### DIRECTIONS
Return every line of the data below, exactly.

### RECORDS SHOWN
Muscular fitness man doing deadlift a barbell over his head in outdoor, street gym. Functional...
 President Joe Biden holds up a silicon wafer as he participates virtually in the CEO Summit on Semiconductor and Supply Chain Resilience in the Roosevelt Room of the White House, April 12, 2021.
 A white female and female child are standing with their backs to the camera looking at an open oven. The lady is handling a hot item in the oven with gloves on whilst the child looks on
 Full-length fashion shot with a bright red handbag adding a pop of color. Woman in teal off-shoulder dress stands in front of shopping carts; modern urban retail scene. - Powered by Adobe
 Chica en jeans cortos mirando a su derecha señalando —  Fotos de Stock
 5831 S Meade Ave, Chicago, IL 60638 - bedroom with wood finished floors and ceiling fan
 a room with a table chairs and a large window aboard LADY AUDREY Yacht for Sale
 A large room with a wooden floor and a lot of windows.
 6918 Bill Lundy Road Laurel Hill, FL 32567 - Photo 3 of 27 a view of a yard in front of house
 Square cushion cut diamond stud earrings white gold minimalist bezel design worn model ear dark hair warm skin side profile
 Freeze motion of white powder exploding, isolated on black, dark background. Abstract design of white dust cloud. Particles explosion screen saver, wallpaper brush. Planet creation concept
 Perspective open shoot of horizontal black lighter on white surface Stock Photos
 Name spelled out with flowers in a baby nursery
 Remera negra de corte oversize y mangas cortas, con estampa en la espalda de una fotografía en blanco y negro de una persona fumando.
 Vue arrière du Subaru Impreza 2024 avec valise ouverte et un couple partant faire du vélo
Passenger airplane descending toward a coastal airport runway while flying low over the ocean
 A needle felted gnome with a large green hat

### SOLUTION
Muscular fitness man doing deadlift a barbell over his head in outdoor, street gym. Functional...
 President Joe Biden holds up a silicon wafer as he participates virtually in the CEO Summit on Semiconductor and Supply Chain Resilience in the Roosevelt Room of the White House, April 12, 2021.
 A white female and female child are standing with their backs to the camera looking at an open oven. The lady is handling a hot item in the oven with gloves on whilst the child looks on
 Full-length fashion shot with a bright red handbag adding a pop of color. Woman in teal off-shoulder dress stands in front of shopping carts; modern urban retail scene. - Powered by Adobe
 Chica en jeans cortos mirando a su derecha señalando —  Fotos de Stock
 5831 S Meade Ave, Chicago, IL 60638 - bedroom with wood finished floors and ceiling fan
 a room with a table chairs and a large window aboard LADY AUDREY Yacht for Sale
 A large room with a wooden floor and a lot of windows.
 6918 Bill Lundy Road Laurel Hill, FL 32567 - Photo 3 of 27 a view of a yard in front of house
 Square cushion cut diamond stud earrings white gold minimalist bezel design worn model ear dark hair warm skin side profile
 Freeze motion of white powder exploding, isolated on black, dark background. Abstract design of white dust cloud. Particles explosion screen saver, wallpaper brush. Planet creation concept
 Perspective open shoot of horizontal black lighter on white surface Stock Photos
 Name spelled out with flowers in a baby nursery
 Remera negra de corte oversize y mangas cortas, con estampa en la espalda de una fotografía en blanco y negro de una persona fumando.
 Vue arrière du Subaru Impreza 2024 avec valise ouverte et un couple partant faire du vélo
Passenger airplane descending toward a coastal airport runway while flying low over the ocean
 A needle felted gnome with a large green hat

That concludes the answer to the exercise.